Dès qu’il entendit la voix de Felix derrière lui, Cyril bondit du bureau comme une sauterelle.
— Votre Altesse, vous vous trompez ! Cette petite fille fait la sieste dans la salle sacrée du conseil des élèves, alors j’ai pensé la réveiller ! Allez, debout, petite fille !
Cyril frappa la tête de Monica avec sa main droite, qu’il avait soulevée de façon anormale. Monica, qui s’était affalée sur le bureau, releva le haut de son corps avec un grognement étouffé et regarda Cyril avec des yeux encore légèrement endormis.
— ...Seigneur Asshuley ?
— H-Humph, c’est quoi ce visage stupide ? Vous êtes en présence de son Altesse ! Tiens-toi droit !
— …9129, 14771, 23900, 38671, 62571, 101242, 163813…
— Parle en langage humaine !
Quand Cyril s’agrippa à la tête de Monica en tremblant, Monica se contenta de fixer le visage de Cyril et… sourit largement.
— … Je n’ai plus froid… quel soulagement…
Les yeux bleu foncé de Cyril s’élargirent et la main qui tremblait sur la tête de Monica s’arrêta. Inconsciemment, sa main toucha la broche sur son revers. Alors que la bouche de Cyril s’ouvrait et se fermait comme s’il allait dire quelque chose, la main de Felix se tendit sur le côté et… enfonça un des biscuits dans la bouche de Monica. Dans un état de stupeur somnolente, Monica mordit dans le biscuit, croustillant. Felix poussa un morceau du biscuit, qui rétrécissait progressivement à partir des bords, dans la bouche de Monica, puis sortit un autre biscuit et l’approcha de sa bouche. Après avoir remarqué que le biscuit pressait contre ses lèvres, Monica, toujours hébétée, mordit dans le deuxième biscuit.
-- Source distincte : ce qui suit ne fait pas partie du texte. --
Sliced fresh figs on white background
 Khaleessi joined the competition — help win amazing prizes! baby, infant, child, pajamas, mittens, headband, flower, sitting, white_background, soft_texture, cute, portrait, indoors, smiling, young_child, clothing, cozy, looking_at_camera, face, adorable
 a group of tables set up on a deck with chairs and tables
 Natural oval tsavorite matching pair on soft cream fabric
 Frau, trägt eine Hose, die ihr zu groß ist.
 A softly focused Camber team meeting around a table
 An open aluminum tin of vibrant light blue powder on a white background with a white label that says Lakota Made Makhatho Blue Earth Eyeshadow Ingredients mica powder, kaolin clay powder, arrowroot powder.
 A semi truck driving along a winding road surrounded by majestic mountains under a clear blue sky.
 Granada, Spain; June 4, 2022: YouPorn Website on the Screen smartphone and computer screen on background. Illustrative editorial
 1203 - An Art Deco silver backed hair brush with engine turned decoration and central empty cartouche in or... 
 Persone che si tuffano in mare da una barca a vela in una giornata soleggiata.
— Intéressant. Elle est à moitié endormie, mais sa machoire bouge.
— Hum, V-Votre Altesse…
— Tu veux essayer aussi, Cyril ?
Le ton de sa voix donna l’impression qu’il invitait quelqu’un à interagir avec son animal, mais Cyril secoua la tête pour refuser. Au moment où Felix s’apprêtait à prendre le troisième biscuit dans sa main, la tête de Monica se leva et ses yeux s’ouvrirent légèrement. Monica se frotta les yeux et marmonna quelque chose d’une voix indistincte, comme si elle venait de se réveiller. À ce moment-là, Monica pensa au rapport qu’elle avait passé la nuit à rédiger. Pour Monica, écrire des rapports était l’une des tâches pour lesquelles elle était très mauvaise.
« J’espère que Louis ne sera pas fâché contre moi… » fut la seule chose à laquelle Monica put penser, et le jeune homme qui lui criait dessus en face d’elle sembla se confondre avec Louis Miller. Ainsi parla-t-elle.
— Félicitations pour la grossesse de votre femme !
— De qui tu parles ? !
À Cyril qui criait, Felix parla doucement.
— Cyril, c’est qui ? Tu dois assumer tes actes, d’accord ? »
— Ah, Votre Altesse ! Non, c’est un malentendu. Cette petite fille ne fait que dire des bêtises dans son sommeil… !
Il y avait Cyril qui criait, les yeux injectés de sang, Felix qui souriait joyeusement, et Monica qui restait encore assoupie. Personne ne l’aperçut, mais cette scène fit que Neil, le quatrième garçon qui arriva dans la salle du conseil des élèves, s’arrêta à l’entrée, le visage troublé.